Por Martín Félix
Ya me había tardado en incursionar en el cine de Pedro Almodóvar y vaya que estaba dejando algo bastante interesante fuera del foco. Llegando ante mis ojos esta obra de 1999, la cual, no hay que exagerar para comprender su rubro centrado en las dolo/magnificencias de la maternidad.
Llevándola a través de una multifacética odisea trastocada en multitonos cariñosos y otros tantos con sabores a penurias. De un viaje al pasado con mucho poder a entender el porqué de algunas decisiones, de una introspección, de verse reflejado en las acciones de otros y, por supuesto, un aprendizaje, uno constante sobre el sentimiento de amor intrínseco a las mujeres.
Todo sobre mi madre es la representación del fulgor propio de la naturaleza materna que se abre ante nosotros tras una narrativa de la relación entre madre e hijo. Del cultivo de un lazo fortalecido por los años, de la felicidad propia por medio de las esperanzas y la visión de los hijos.

Formándose así esa burbuja entrañable que se quebranta tras la agonía de una pérdida. Misma que detona un recorrido atónito e incluso cruel con la intención de buscar respuestas, de darle sentido a lo que ha pasado y reencontrarse con figuras (otras personas) que den explicación alguna para tratar de hallar reafirmación y sanación espiritual que ayude a mitigar ese desbalance emocional.

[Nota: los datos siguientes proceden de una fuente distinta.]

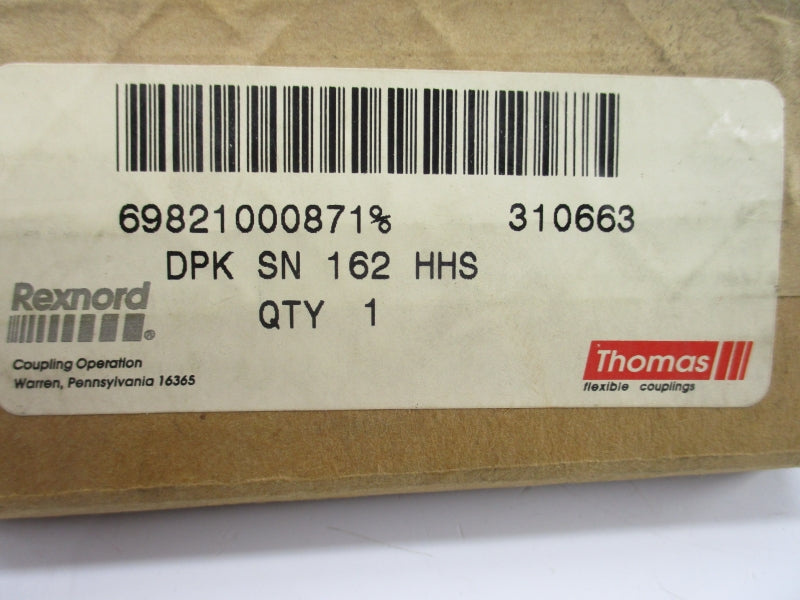 THOMAS 69821000871 DPK SN 162 HHS NSMP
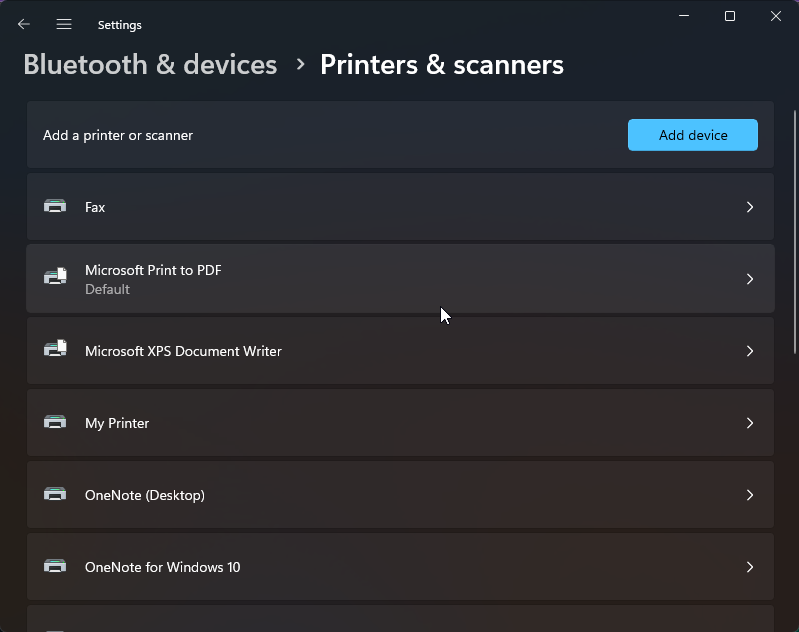 Sharp Knowledge Base | FAQ - Change Printer - Color to Black and White ...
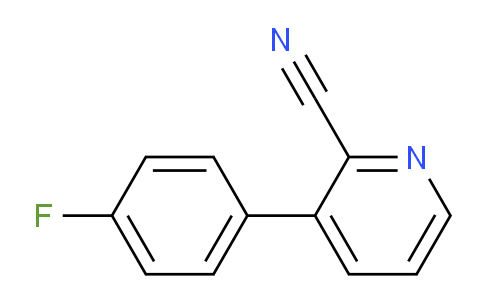 AM101113 | 1214340-31-4 | 3-(4-Fluorophenyl)picolinonitrile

He aquí Almodóvar haciendo esta travesía que se desgaja en un ambiente trivial, poco común, digamos fuera de lo cotidiano. Con personajes folclóricos que brillan con luz propia, pero también cargan consigo esa sombra gris, ya que al igual que el personaje principal también arrastran sus lastres de aflicción.
Entonces, más de allá de lo que quizá era una especie de reconstrucción, termina por ser otro ramillete de pruebas a superar, al surgir nuevas preocupaciones que irónicamente serán medicina para recobrar fuerzas, para darle distinta visión al panorama y resarcir esos sentimientos de alguna forma reprimidos. Dando cuerda a un drama tranquilo, empapado de nostalgia, no siendo estruendoso, pero sí acongojante y adolorido, de júbilo y melancolía, mismos que deben ser soportados con carácter.

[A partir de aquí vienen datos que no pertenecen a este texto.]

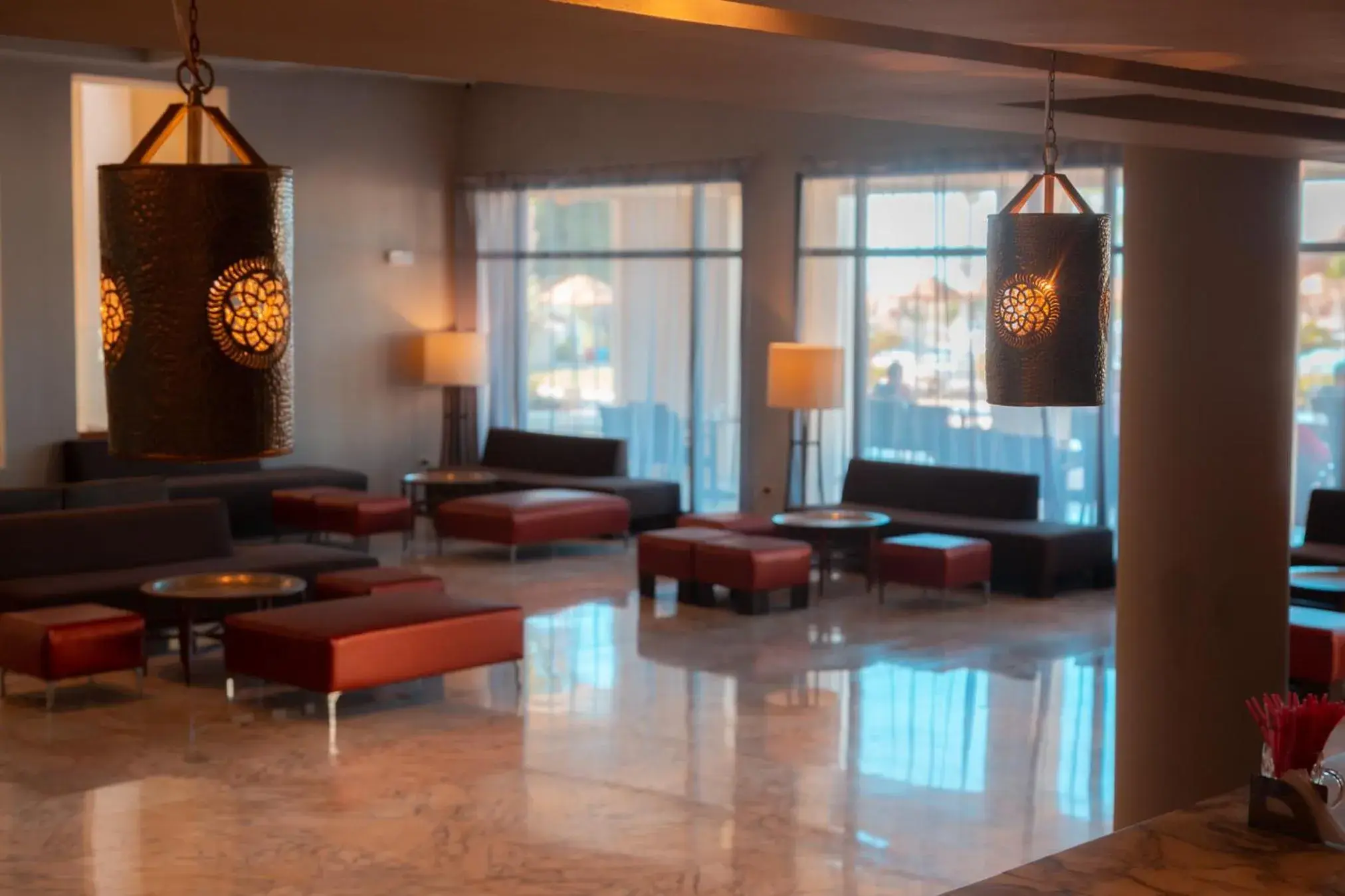 Lounge or bar in Vincci Dar Midoun Lounge or bar in Vincci Dar Midoun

Que orilla a la tristeza, pero también exigen valor y estoicismo. Es aquí, en donde el ambiente, al colmarse de otros dolores como lo son las riñas familiares, las enfermedades, adicciones o el embarazo no deseado, funge como ápices de reestructuración, entendiendo que la labor y espíritu de una progenitora no termina, no se deja, ni se abandona, pues se encuentra allí, sustentado en el amor propio, fraternal y verdadero, evolucionando para regenerar la confianza.
Todo, para arrinconar, hacía un final no esperado, lleno de momentos sollozantes, así como agridulces, de despedidas a medias y verdades sumamente lastimeras. Consagrando al amor como un eslabón muy fuerte, retornando al punto de partida pero con distintos sabores de boca y la renovada visión tras una solapa decaída pero a la vez fuerte.
Con una mentalidad nueva, pues razones ahora sobran. A sabiendas de que también lo trágico y lo doloso puede consagrar buenos frutos y que quizá, en algún punto de la vida, también la justicia venga de alguna parte para dar esperanza. La misma que mantiene unidos a quienes de verdad se sienten parte de una familia, que aunque no se es de sangre, refuerzan el cariño auténtico por medio de las experiencias y la superación, dejando como último incentivo que ser madre es una premisa para siempre.